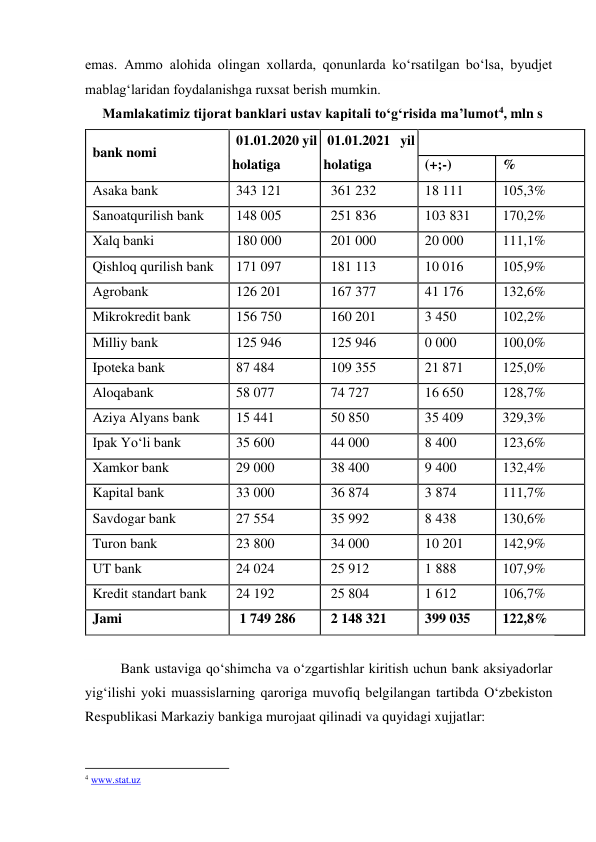 emas. Ammo alohida olingan xollarda, qonunlarda ko‘rsatilgan bo‘lsa, byudjet 
mablag‘laridan foydalanishga ruxsat berish mumkin. 
Mamlakatimiz tijorat banklari ustav kapitali to‘g‘risida ma’lumot4, mln s 
bank nomi 
01.01.2020 yil 
holatiga 
01.01.2021 yil 
holatiga 
  
(+;-) 
% 
Asaka bank 
343 121 
 361 232 
18 111 
105,3% 
Sanoatqurilish bank 
148 005 
 251 836 
103 831 
170,2% 
Xalq banki 
180 000 
 201 000 
20 000 
111,1% 
Qishloq qurilish bank 
171 097 
 181 113 
10 016 
105,9% 
Agrobank 
126 201 
 167 377 
41 176 
132,6% 
Mikrokredit bank 
156 750 
 160 201 
3 450 
102,2% 
Milliy bank 
125 946 
 125 946 
0 000 
100,0% 
Ipoteka bank 
87 484 
 109 355 
21 871 
125,0% 
Aloqabank 
58 077 
 74 727 
16 650 
128,7% 
Aziya Alyans bank 
15 441 
 50 850 
35 409 
329,3% 
Ipak Yo‘li bank 
35 600 
 44 000 
8 400 
123,6% 
Xamkor bank 
29 000 
 38 400 
9 400 
132,4% 
Kapital bank 
33 000 
 36 874 
3 874 
111,7% 
Savdogar bank 
27 554 
 35 992 
8 438 
130,6% 
Turon bank 
23 800 
 34 000 
10 201 
142,9% 
UT bank 
24 024 
 25 912 
1 888 
107,9% 
Kredit standart bank 
24 192 
 25 804 
1 612 
106,7% 
Jami 
 1 749 286 
 2 148 321 
399 035 
122,8% 
  
Bank ustaviga qo‘shimcha va o‘zgartishlar kiritish uchun bank aksiyadorlar 
yig‘ilishi yoki muassislarning qaroriga muvofiq belgilangan tartibda O‘zbekiston 
Respublikasi Markaziy bankiga murojaat qilinadi va quyidagi xujjatlar: 
                                                           
4 www.stat.uz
====================
» **Try it**
Only the records, copied exactly and without pictures, should make up the answer.

» **The answer**
 emas. Ammo alohida olingan xollarda, qonunlarda ko‘rsatilgan bo‘lsa, byudjet 
mablag‘laridan foydalanishga ruxsat berish mumkin. 
Mamlakatimiz tijorat banklari ustav kapitali to‘g‘risida ma’lumot4, mln s 
bank nomi 
01.01.2020 yil 
holatiga 
01.01.2021 yil 
holatiga 
  
(+;-) 
% 
Asaka bank 
343 121 
 361 232 
18 111 
105,3% 
Sanoatqurilish bank 
148 005 
 251 836 
103 831 
170,2% 
Xalq banki 
180 000 
 201 000 
20 000 
111,1% 
Qishloq qurilish bank 
171 097 
 181 113 
10 016 
105,9% 
Agrobank 
126 201 
 167 377 
41 176 
132,6% 
Mikrokredit bank 
156 750 
 160 201 
3 450 
102,2% 
Milliy bank 
125 946 
 125 946 
0 000 
100,0% 
Ipoteka bank 
87 484 
 109 355 
21 871 
125,0% 
Aloqabank 
58 077 
 74 727 
16 650 
128,7% 
Aziya Alyans bank 
15 441 
 50 850 
35 409 
329,3% 
Ipak Yo‘li bank 
35 600 
 44 000 
8 400 
123,6% 
Xamkor bank 
29 000 
 38 400 
9 400 
132,4% 
Kapital bank 
33 000 
 36 874 
3 874 
111,7% 
Savdogar bank 
27 554 
 35 992 
8 438 
130,6% 
Turon bank 
23 800 
 34 000 
10 201 
142,9% 
UT bank 
24 024 
 25 912 
1 888 
107,9% 
Kredit standart bank 
24 192 
 25 804 
1 612 
106,7% 
Jami 
 1 749 286 
 2 148 321 
399 035 
122,8% 
  
Bank ustaviga qo‘shimcha va o‘zgartishlar kiritish uchun bank aksiyadorlar 
yig‘ilishi yoki muassislarning qaroriga muvofiq belgilangan tartibda O‘zbekiston 
Respublikasi Markaziy bankiga murojaat qilinadi va quyidagi xujjatlar: 
                                                           
4 www.stat.uz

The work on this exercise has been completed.